Exercise brief:
The response should hold every record from the listing that follows, verbatim, and no pictures.

□ □ □ □ □ □ □

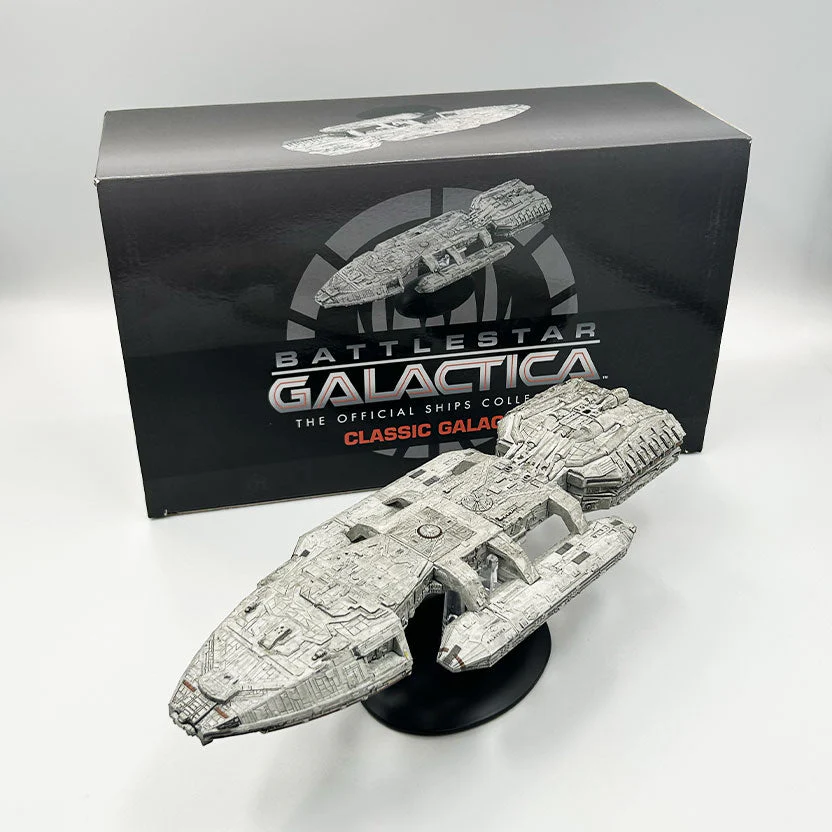 Master Replicas Battlestar Galactica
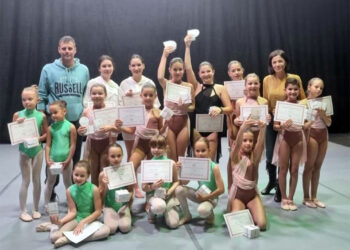 Dvostruki uspeh Nevene Đurić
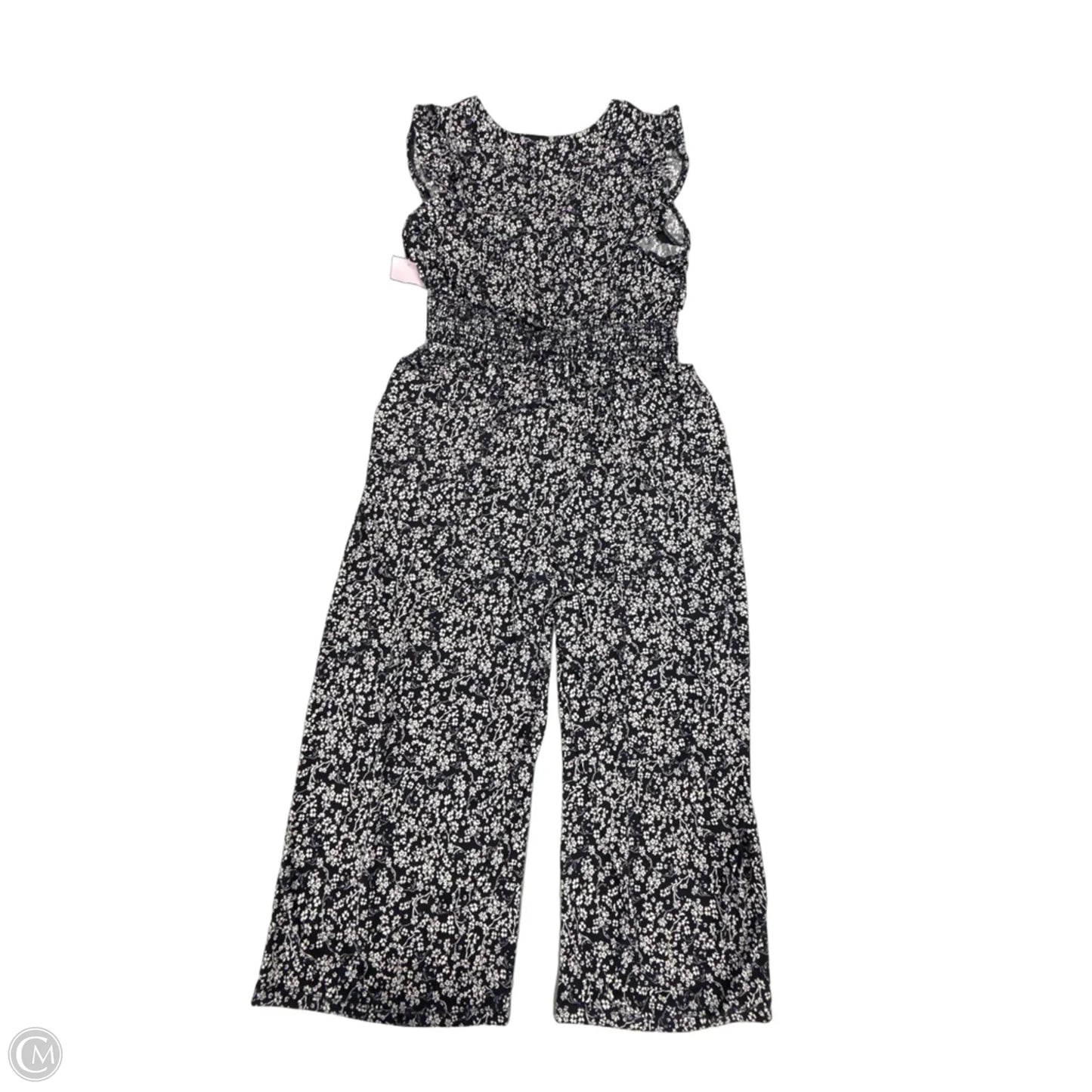 Jumpsuit By Kaileigh In Navy, Size: S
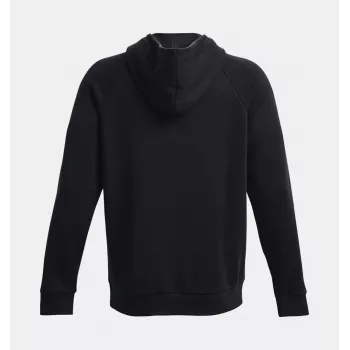 Under Armour UA Rival Fleece pánska mikina s logom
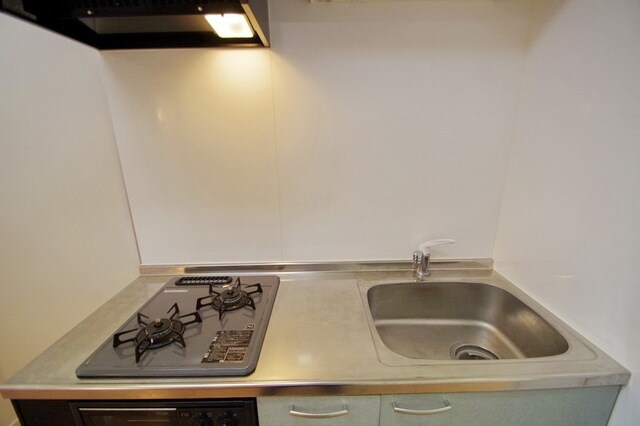 Crane Hillsの物件内観写真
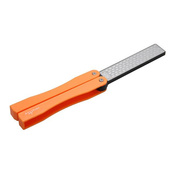 Taidea T1051D - Składana Diamentowa Ostrzałka Kieszonkowa 360/600 Grit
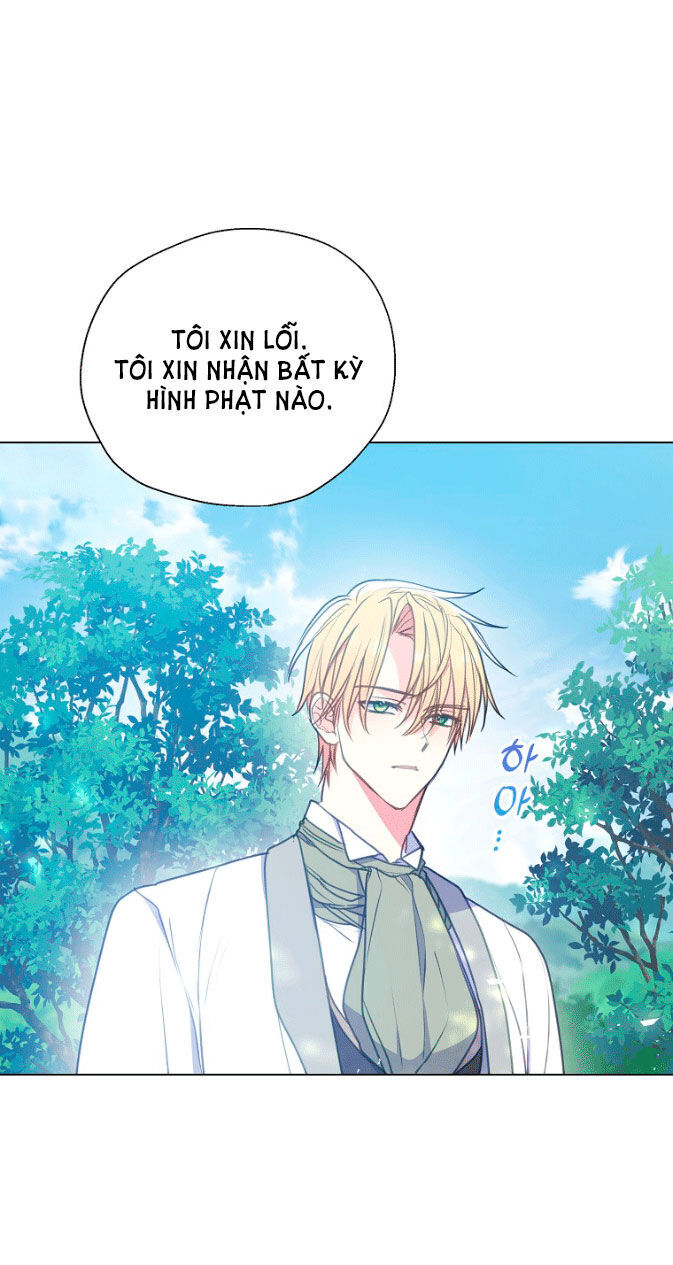 Bệ Hạ Xin Đừng Giết Tôi!!! Chapter 96.1 - 8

□ □ □ □ □ □ □

Response:
 Master Replicas Battlestar Galactica
 Dvostruki uspeh Nevene Đurić
 Jumpsuit By Kaileigh In Navy, Size: S
 Under Armour UA Rival Fleece pánska mikina s logom
 Crane Hillsの物件内観写真
 Taidea T1051D - Składana Diamentowa Ostrzałka Kieszonkowa 360/600 Grit
 Bệ Hạ Xin Đừng Giết Tôi!!! Chapter 96.1 - 8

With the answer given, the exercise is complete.